**Work to complete**
Starting from the line that contains "this 520×359 image.", output every remaining line of the records below exactly as it appears, that line and the last one included.

Information shown Block Start

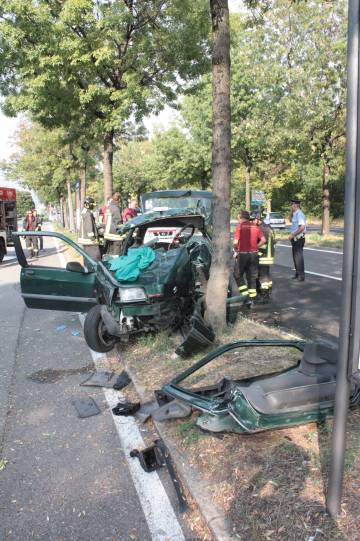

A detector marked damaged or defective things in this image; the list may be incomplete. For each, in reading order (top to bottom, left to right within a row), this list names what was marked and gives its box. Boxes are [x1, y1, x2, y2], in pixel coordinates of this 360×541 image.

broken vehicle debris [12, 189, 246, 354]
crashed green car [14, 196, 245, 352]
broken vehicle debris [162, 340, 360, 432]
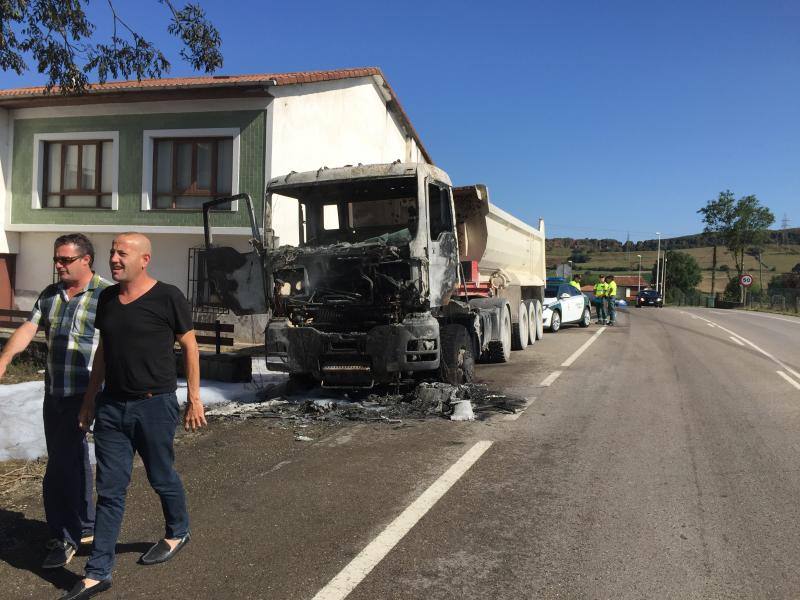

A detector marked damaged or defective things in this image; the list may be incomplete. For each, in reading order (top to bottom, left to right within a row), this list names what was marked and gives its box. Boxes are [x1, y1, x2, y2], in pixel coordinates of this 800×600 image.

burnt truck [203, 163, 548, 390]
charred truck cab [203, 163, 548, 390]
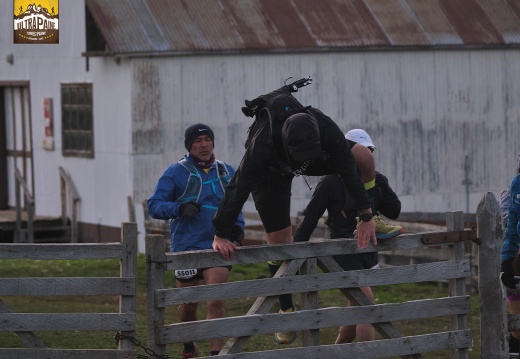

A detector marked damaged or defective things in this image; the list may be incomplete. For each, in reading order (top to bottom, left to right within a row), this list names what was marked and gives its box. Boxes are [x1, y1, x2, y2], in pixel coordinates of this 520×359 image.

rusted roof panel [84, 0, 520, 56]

Information shown Block End

**Result of this exercise**
A detector marked damaged or defective things in this image; the list may be incomplete. For each, in reading order (top to bottom, left to right within a row), this list names what was marked and gives its box. Boxes are [x1, y1, x2, y2], in pixel coordinates of this 520×359 image.

rusted roof panel [84, 0, 520, 56]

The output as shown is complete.